The effects? The ‘Sharing Economy’ highlights the positive shift in perception towards sharing, reusing and re-purposing, and the benefits are difficult to ignore.

Over time, travellers have become used to renting a stranger’s home on holiday and making significant savings on expensive hotel rooms. Inner city-dwellers have slowly realised the benefits of car sharing outweigh the concerns around availability, quality or convenience they may have had before.

Eventually, the effect has caused a shift in consciousness, and we’ve realised our concerns around sharing were unfounded. Now, we’re getting better practised at letting go of the ‘control’ associated with private ownership.

The rise of a pay-as-you-go culture

All these sharing platforms speak to fractional ownership or as shared usage of an asset. In practice, that’s the very definition of SaaS, i.e. some behemoth sets up a multi-tenant, cloud-based capability and then sells access to it on a per user, per month basis.

We’re already experiencing the benefits of these types of business models as consumers, and I think this shift in buying behaviour has meant we’re getting more comfortable adopting them in our working environments too.

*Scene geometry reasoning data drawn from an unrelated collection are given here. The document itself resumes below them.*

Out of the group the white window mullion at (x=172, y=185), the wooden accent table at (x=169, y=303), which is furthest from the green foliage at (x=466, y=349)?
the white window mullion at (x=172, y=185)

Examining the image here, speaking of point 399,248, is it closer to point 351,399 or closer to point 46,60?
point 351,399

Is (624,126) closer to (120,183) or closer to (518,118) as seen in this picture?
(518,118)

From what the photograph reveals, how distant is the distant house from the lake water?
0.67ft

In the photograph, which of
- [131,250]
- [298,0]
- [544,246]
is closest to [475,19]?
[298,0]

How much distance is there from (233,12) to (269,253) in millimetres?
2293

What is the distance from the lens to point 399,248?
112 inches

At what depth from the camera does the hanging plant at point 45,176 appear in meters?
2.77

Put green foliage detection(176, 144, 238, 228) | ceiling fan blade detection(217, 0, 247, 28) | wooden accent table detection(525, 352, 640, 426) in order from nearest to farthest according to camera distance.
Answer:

Sharing assets or network infrastructure allows smaller and medium-sized businesses to cut the heavy cost loads associated with owning and maintaining depreciating assets and resources - private data centre hardware, software and people teams.

Paying external providers for the use of these services on-demand enables them access to cutting-edge productivity applications and ties the commercial model so they can pay as they grow. The benefits and flexibility this offers has grown to the point where it simply cannot be ignored. Full adoption of cloud services is an almost basic competitive requirement.

The trust factor

Trusting the cloud has been a major hurdle for many businesses in making a full transition, despite evolving cyber security that is safeguarding networks better than ever before.

Historically, one of the big reservations has been the trust factor.  

All businesses, across all industries, store sensitive data related to their customers. If this gets into the wrong hands, the consequences can be disastrous.

A few industries are more sensitive to this than others, but security has been a key reason why businesses have avoided moving their IP over to the cloud. Relinquishing the ‘control’ of having your own private network, data centres, computers, and owning all your own applications has been a daunting path to forge. But the cyber security landscape has also shifted, and the technology has evolved to safeguard the road ahead.

Advances in distributed and decentralised network architectures are ensuring greater data sovereignty and full traceability. They are also making transactions easier, quicker, and cheaper, bringing greater efficiency and trust to the ecosystem.

The rise of the sharing economy and the adoption of these technologies is no coincidence. We have practised what it feels like to let go of the perceived control of owning our own assets. Now that our security objections are being answered, more businesses should embrace this new world of connectivity to help them work more effectively and achieve better outcomes for their customers.

The new era of connectivity

Superloop is six years young. We were born in the cloud era, which means we’ve been bought into the idea of sharing our assets from the very start. We don’t have 30 years of legacy to get around, historical systems, architectures or processes. We’re unconflicted in the way we work and in the way we think. We have small business agility and we thrive on being the challenger brand in the telco industry.

Our strategic investments and acquisitions prove our commitment to innovation, both increasing our capacity and transforming Superloop into a leading provider of connectivity and cloud services.

For us, it’s all about how we maximise the advantages and efficiencies of the cloud and how we can deliver access to it in secure, robust, redundant, reliable, and affordable ways to businesses, helping them move from where they are now to where they want to be.